### Brief descriptive captions
= = = =

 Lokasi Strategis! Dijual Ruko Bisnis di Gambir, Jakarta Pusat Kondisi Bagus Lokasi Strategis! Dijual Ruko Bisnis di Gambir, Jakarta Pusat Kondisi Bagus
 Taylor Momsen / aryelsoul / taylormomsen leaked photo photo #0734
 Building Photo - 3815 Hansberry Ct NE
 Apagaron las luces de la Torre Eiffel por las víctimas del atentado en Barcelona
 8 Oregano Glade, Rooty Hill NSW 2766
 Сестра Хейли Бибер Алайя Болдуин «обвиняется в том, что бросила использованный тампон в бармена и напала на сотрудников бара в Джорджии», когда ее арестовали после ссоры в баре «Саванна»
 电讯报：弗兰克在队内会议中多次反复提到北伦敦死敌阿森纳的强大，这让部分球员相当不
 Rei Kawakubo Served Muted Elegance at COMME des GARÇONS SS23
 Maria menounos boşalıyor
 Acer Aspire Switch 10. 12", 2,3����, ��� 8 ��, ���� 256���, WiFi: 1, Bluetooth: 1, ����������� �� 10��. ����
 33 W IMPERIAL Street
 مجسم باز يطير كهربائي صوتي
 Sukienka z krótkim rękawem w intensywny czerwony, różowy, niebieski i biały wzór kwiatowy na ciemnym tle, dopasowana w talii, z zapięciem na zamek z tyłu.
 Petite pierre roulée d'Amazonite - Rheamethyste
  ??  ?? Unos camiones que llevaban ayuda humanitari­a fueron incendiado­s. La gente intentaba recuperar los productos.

= = = =

Nothing should appear in the answer except the lines above from the line with "Maria menounos boşalıyor" through the line with "Sukienka z krótkim", both included, written out exactly.

### Result of this exercise
 Maria menounos boşalıyor
 Acer Aspire Switch 10. 12", 2,3����, ��� 8 ��, ���� 256���, WiFi: 1, Bluetooth: 1, ����������� �� 10��. ����
 33 W IMPERIAL Street
 مجسم باز يطير كهربائي صوتي
 Sukienka z krótkim rękawem w intensywny czerwony, różowy, niebieski i biały wzór kwiatowy na ciemnym tle, dopasowana w talii, z zapięciem na zamek z tyłu.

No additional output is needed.